By the Middle Ages open fields had been organised in the manor. Shenley Fields lay north of Merritts Brook at Shenley Lane. On Victoria Common between Church
Road and St Laurence Road evidence of ridge and furrow can be seen and on the recreation ground by the River Rea near Staplehall Road two examples of ridge and furrow are still visible.
There were still open fields in Northfield in the 18th century but all had been enclosed before the final enclosures elsewhere.
(See open fields in the Glossary.)
Although the name is of Saxon origin, Northfield's lighter soil, which overlies bunter pebble beds, must have been farmed for hundreds of years before the Germanic settlers came.
Stone Age
Certainly people of the Stone Age passed this way - a neolithic scraper of yellow chert was found in Quarry Lane, and on Tessal Lane a stone axe was discovered also dating from the New Stone Age. Whether their owners lived nearby or these were tools lost by passers-by can never be known.
Bronze Age
No evidence of a Bronze Age dwelling has been found in Birmingham, but the evidence of heat-shattered pebbles forming large burnt mounds alongside Northfield's streams shows occupation of the area over a long period of time.
One mound near Merritts Brook Lane measures 16 metres in diameter. Two others, one near Woodlands Park Road and another at the foot of Bell Hill have been radiocarbon-dated to c1070 BC and c1120 BC respectively. The evidence is not conclusive, but the hot stones are believed to have provided heating for Bronze Age saunas.
The Roman period
In the Roman period the road from the Bristol Channel port of Sea Mills to the north-east of England passed through Northfield. Its Roman name is unknown, but it became known as the Upper Saltway during the Middle Ages because it was one of the routes used to bring salt extracted from the Droitwich brine springs. The road may well have performed the same function throughout and probably before Roman times.
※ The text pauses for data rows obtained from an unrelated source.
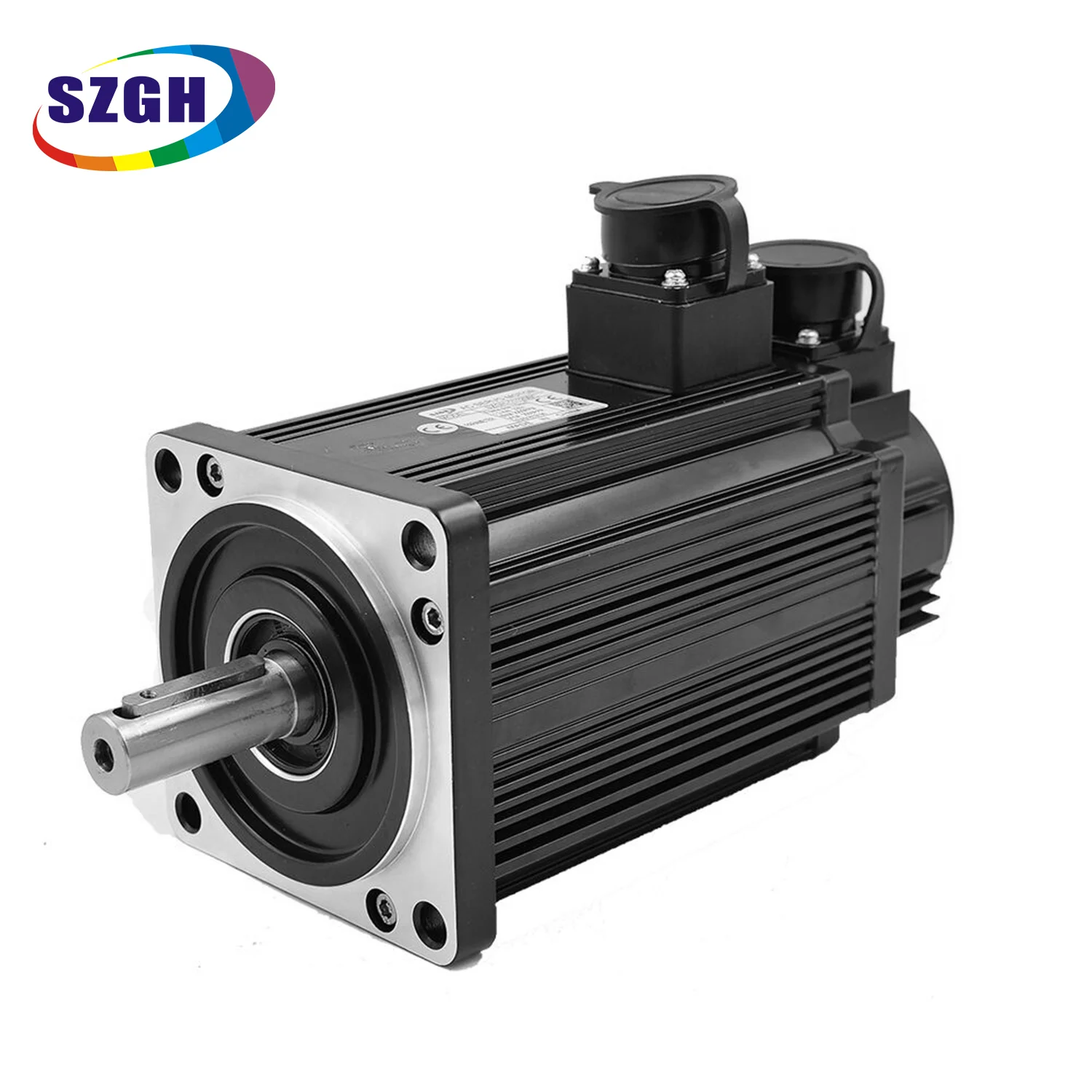 SZGH Servo Motor Support MODBUS EtherCAT CANopen 2kw 7.7NM 23bit Absolutely Encoder Ac Servo Motor for  Ac Motor Driver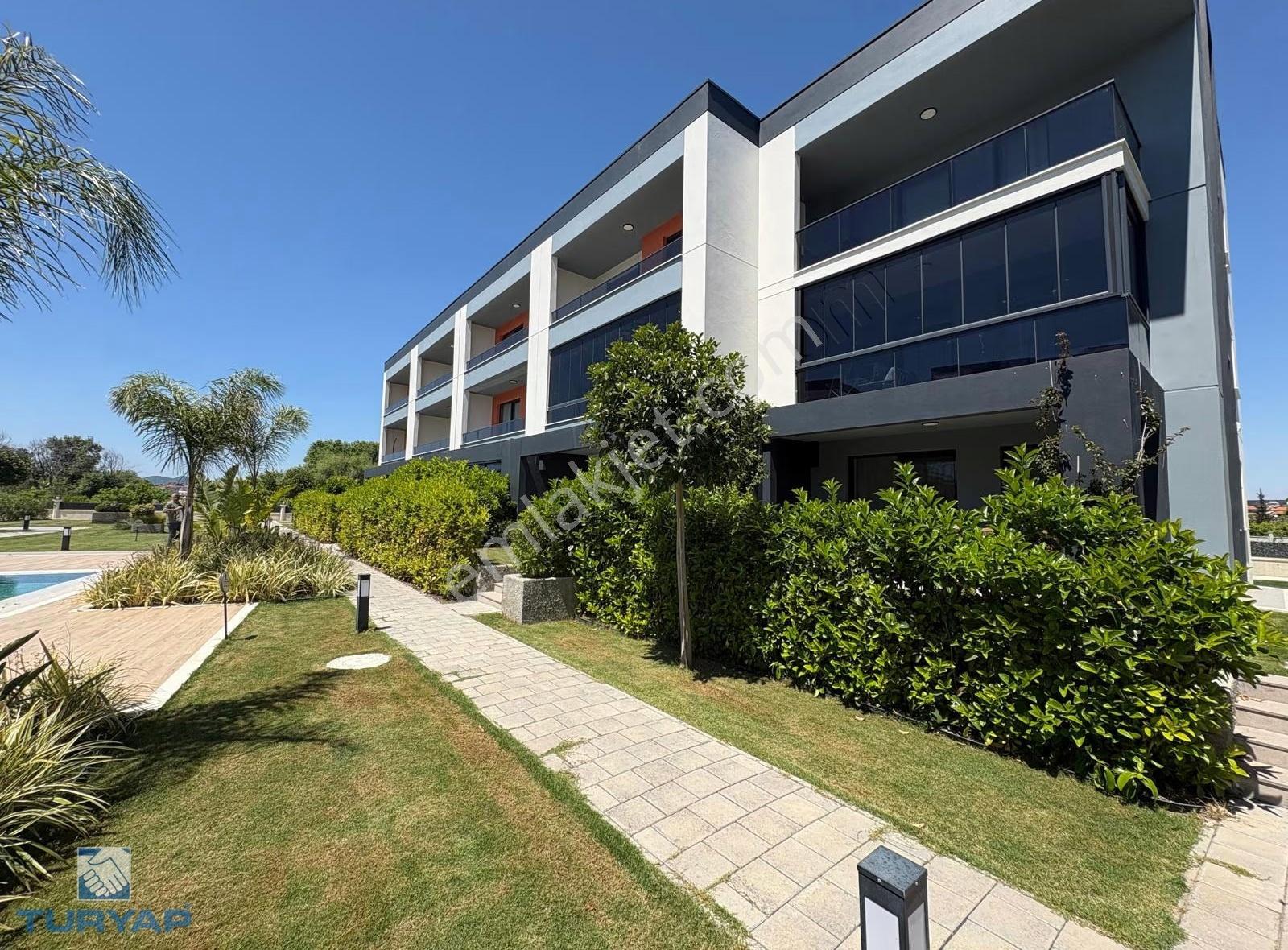 Fethiye Dalaman Hürriyet Mah. 1+1 Havuzlu Sitede Satılık Daire - Görsel 8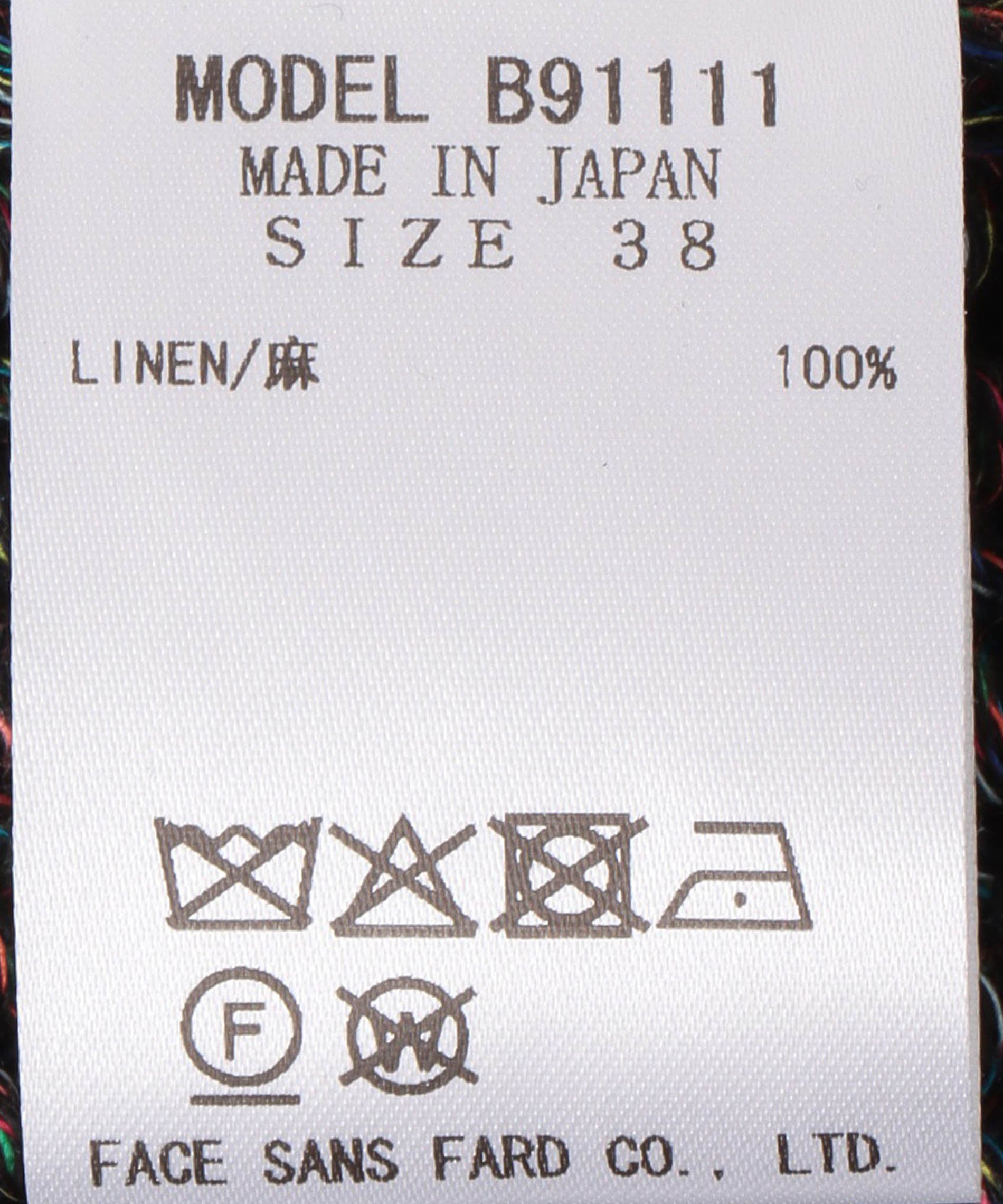 ○プロフ必読お願いします○amemeno omeme リネンニット M ○プロフ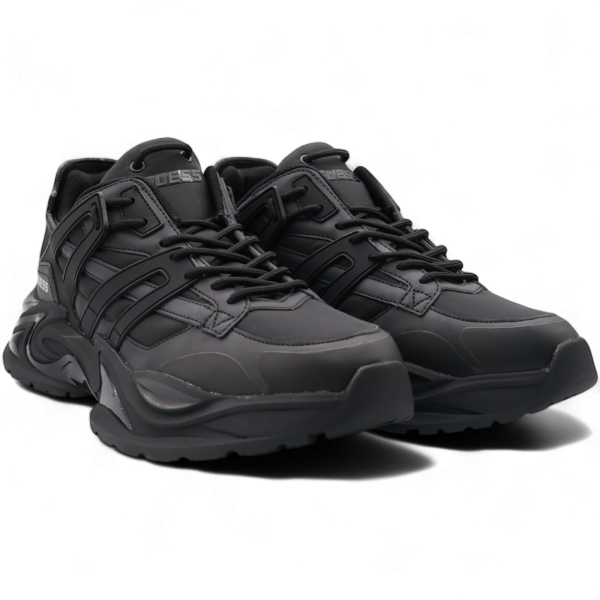 Zapatillas Guess Runer Belludo Negro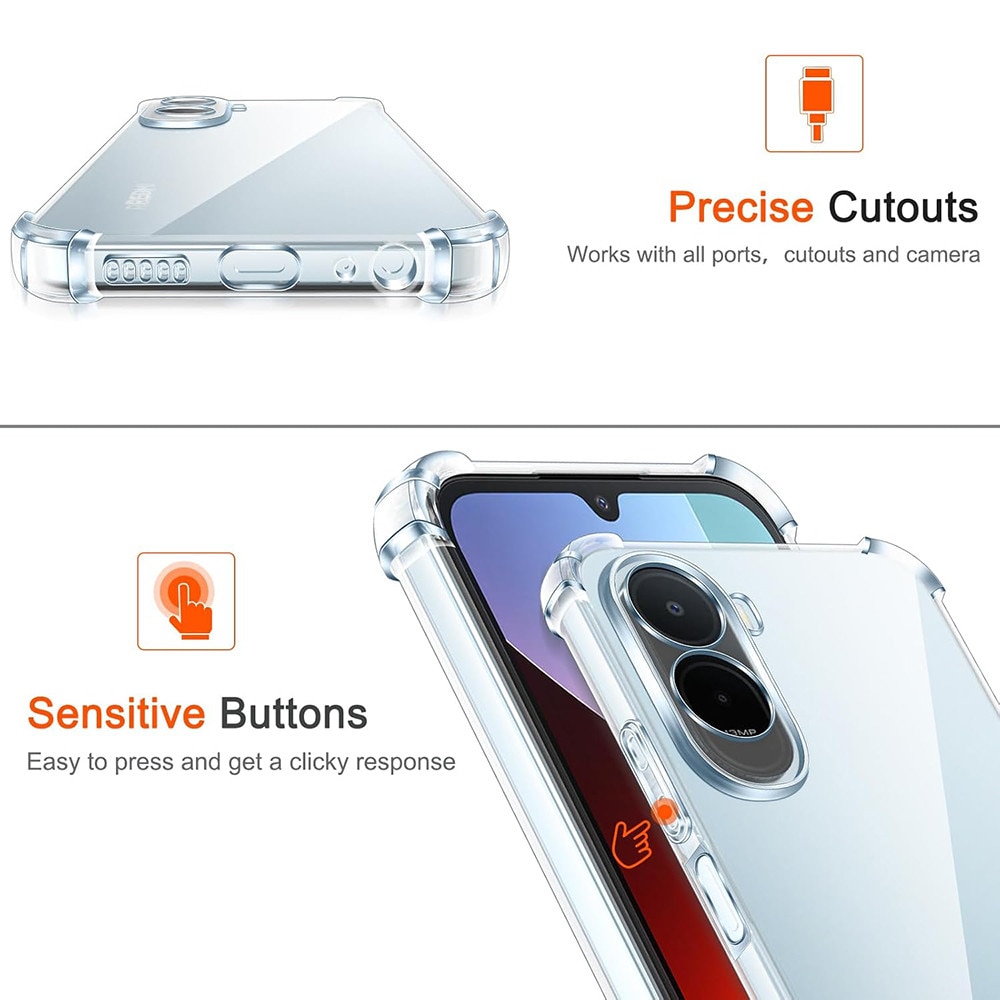 Husa compatibila cu Xiaomi Redmi A7 Pro 4G, Stef's Cat, Shockproof Clear Silicone, transparenta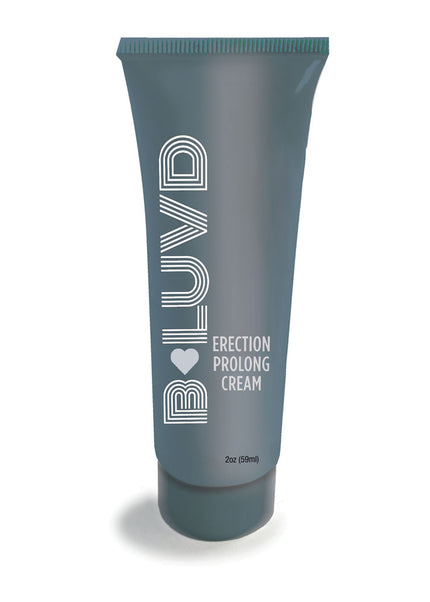 B-LUVD Erection Prolong Cream - Male Desensitising Cream - 59 ml Tube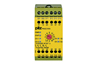 Safety Relay PNOZ XV3, monitoring e-Stop, 3NO 2NO 24VDC, instantaneous/ delayed, Pilz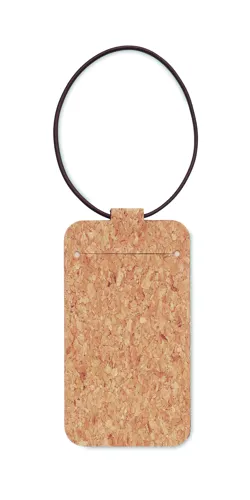 OVALIS Parafa bőröndcímke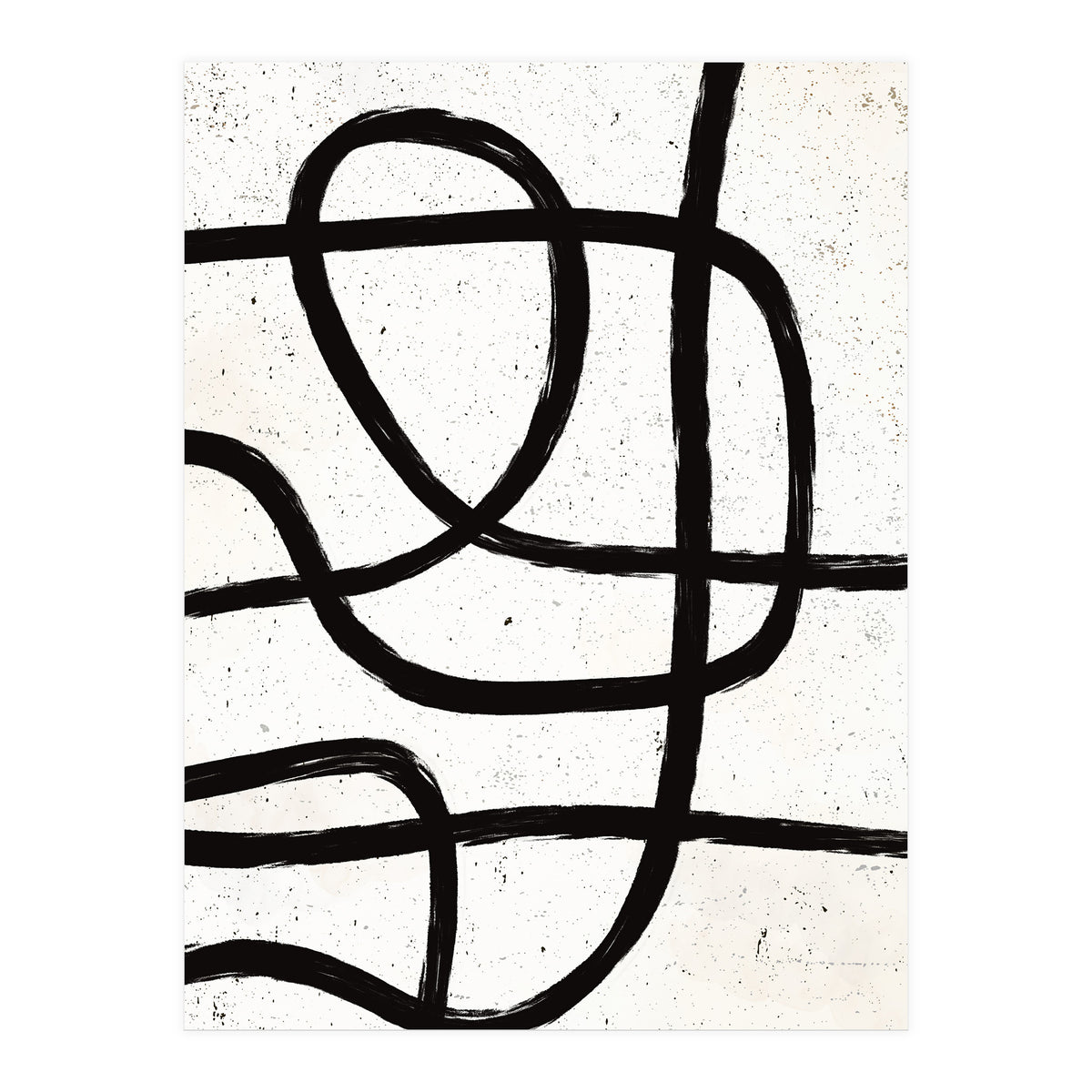 Nordic Scandinavian Marker Ink Line II (Print Only)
Archaeologists have found traces of the road where it crosses over the Lickey Hills. It is thought then to have run parallel to the Bristol Road South through Rednal and Longbridge and on to Metchley fort near Birmingham University. In 1963 archaeologists, alerted by building workers, made excavations at the corner of Swarthmore Road and Bryony Road and discovered at least five periods of Roman road construction. The fact that the road had been repaired and rebuilt a number of times demonstrates that this must have been a highway of more than local importance.
More Roman evidence was discovered by chance off the Bristol Road South on Pigeon House Hill near Hill Top Road where the Northfield hoard was found to have been buried. The trove included coins
of Claudius II Gothicus (268-270 AD), Diocletian (284-305), Maximian (285-286), Constantius (305-306), Constantine (306-337) and surely belonged to a person of some means who lived close by. Who
can tell what caused a family to bury their money and never return to claim it.
Anglo-Saxons
The name, Northfield derives from Anglo-Saxon, nord feld and is a name common across the country. It is likely that this settlement was named in the same way as neighbouring Kings Norton being north of Bromsgrove and at the limit of Saxon penetration from the south. The early West Saxon kingdom of the Hwicce covered all of Worcestershire and beyond. Its northern limits are represented in Birmingham by the ancient parishes of Kings Norton, Northfield and Yardley. It is reasonably conjectured that this Hwiccan kingdom was the pre-Roman tribal area of the Celtic Dobunii. In 628 the Saxon Hwiccans were conquered by the Anglian, King Penda of Mercia, although the kingdom continued to be administered as a separate unit. Archaeological evidence, or rather lack of it, suggests sparse Saxon settlement and it is likely that the kingdom had a predominantly Celtic population.
The second element of the placename, feld, did not originally mean 'field' in the modern sense ie. an enclosed agricultural unit of land. Feld referred to open land as opposed
to forest. The land here is light soil over bunter pebble beds and would have been much less densely wooded than the clay lands of the Forest of Arden to the east. It may well have already been
cleared for cultivation before the Saxon settlers arrived.
The Norman Conquest
Before the Norman Conquest Anglo-Saxon Northfield was a manor of some substance. Worth £8 for tax purposes during King Edward's reign, it was the most prosperous of Birmingham's manors. But in the twenty years after the Conquest its value had plummeted to less than a quarter of its pre-Conquest worth and a number of other manors were now of greater value.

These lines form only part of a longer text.